E-voting and Ballot Process:

  1. Resolutions for items of business which are likely to affect the market price of the securities of the company and any resolution proposed for consideration through e-voting shall not be withdrawn. (Clause 10 of Secretarial Standard on General Meeting)
  1. Every company providing e-voting facility shall offer such facility to all Members, irrespective of whether they hold shares in physical form or in dematerialised form. (Clause 8.2 of Secretarial Standard on General Meeting )
  1. The facility for Remote e-voting shall remain open for not less than three days. The voting period shall close at 5 p.m. on the day preceding the date of the General Meeting. (Rule 20(4)(vi) of Companies (Management and Administration) Rules, 2014 and Clause 8.3 of Secretarial Standard on General Meeting )
  1.  The Board shall:

(a)    appoint one or more scrutinisers for e-voting or the ballot process, The scrutiniser (s) may be a Company Secretary in Practice, a Chartered Accountant in Practice, a Cost Accountant in Practice, or an Advocate or any other person of repute who is not in the employment of the company and who can, in the opinion of the Board, scrutinise the e-voting process or the ballot process, as the case may be, in a fair and transparent manner.The scrutiniser (s) so appointed may take assistance of a person who is not in employment of the company and who is well-versed with the e-voting system. Prior consent to act as a scrutiniser(s) shall be obtained from the scrutiniser(s) and placed before the Board for noting.

(b)    appoint an Agency;

(c)   decide the cut-off date for the purpose of reckoning the names of Members who are entitled to Voting Rights;

         The cut-off date for determining the Members who are entitled to vote through Remote             e-voting or voting at the meeting shall be a date not earlier than seven days prior to the          date fixed for the Meeting.

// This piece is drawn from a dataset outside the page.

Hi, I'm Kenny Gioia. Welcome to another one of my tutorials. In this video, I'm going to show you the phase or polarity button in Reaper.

        Only Members as on the cut-off date, who have not exercised their Voting Rights through         Remote e-voting, shall be entitled to vote at the Meeting.

(d)     authorise the Chairman or in his absence, any other Director to receive the scrutiniser’s register, report on e-voting and other related papers with requisite details. (Rule 20(4)(ix) and Rule 20(4)(x) of Companies (Management and Administration) Rules, 2014 and Clause 8.4 of Secretarial Standard on General Meeting )

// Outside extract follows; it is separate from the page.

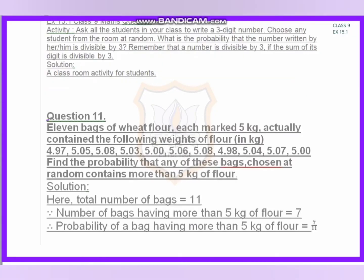Next, Question 11. Eleven bags of wheat flour, each marked 5 kg, actually contain the following weights in kg: 4.97, 5.05, 5.08, 5.03, 5.00, 5.06, 5.08, 5.03, 5.00, 5.06, 5.08, 4.98, 4.98, 5.04, 5.07, and 5. Find the probability that any bag chosen at random contains more than 5 kg of flour.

31.The scrutinizer shall, immediately after the conclusion of voting at the general meeting first count the votes cast at the meeting thereafter unblock the votes cast through remote e-voting in the presence of at least two witnesses not in the employment of the company and make, not later than three days of conclusion of the meeting, a consolidated scrutiniser's report of the total votes cast in favor or against, if any, to the Chairman or a person authorised by him in writing who shall countersign the same: The Chairman or any other director so authorized shall countersign the scrutiniser’s report so received. (Rule 20(4)(xii) of Companies (Management and Administration) Rules, 2014 and Clause 8.4 of Secretarial Standard on General Meeting)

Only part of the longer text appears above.